With 22 people campaigning for a pair of open seats on the five-member Board of Education, any public exposure is critical. The 17 candidates who attended the forum at Westminster High School treaded carefully as they explained why they were running and who they believe to be the most important person in the school system.

A common theme was the need to attract and retain quality teachers by raising salaries and offering more resources.

"Our teachers need more support in the classroom," said candidate Susan Holt. "All of us dedicated parents will watch out for our children, but we also need to be watching out for our teachers."

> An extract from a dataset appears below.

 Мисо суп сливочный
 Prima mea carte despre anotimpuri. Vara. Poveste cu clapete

Charles P. Stanley, complaining that too many teachers leave after their first or second year, said: "I wonder if our school board has a system of exit interviews that can determine what's happening."

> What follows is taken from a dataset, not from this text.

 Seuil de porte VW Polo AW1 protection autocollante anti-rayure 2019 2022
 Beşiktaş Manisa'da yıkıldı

Thomas L. Shaffer said teachers are too burdened by minor tasks and need to return full time to the basics.

Acknowledging his suggestions were "touchy," Thomas A. Stone said he advocates merit-based pay for teachers and salary bonuses based on performance.

Several candidates focused on improving the curriculum and elevating the level of education offered by the system. Candidate Henry Griese, a senior at Washington College in Chestertown, said he drives by a sign every day calling the Kent County school system the best in Maryland because its test scores were tops in the state this year.

"I'd like to see that sign on our board of education building next year," he said.

John A. Ferrara said if elected he would ensure phonics is a mainstay in elementary reading classes. "Teachers ought to be given an opportunity to teach what works," he said. "You can't even say phonics in some classrooms and I don't understand why that is."

Robert Spring said more computers are needed in classrooms as tools for both teachers and pupils.

The election occurs as the school system grapples with several prickly issues. A grand jury investigation of several troubled school construction projects has eroded the school system's credibility, in the eyes of some parents.

Many county residents have in recent weeks loudly protested a proposal, scheduled to be voted on by the current school board next month, that would redraw the boundaries that determine where children attend school and would force more than 4,000 students to relocate.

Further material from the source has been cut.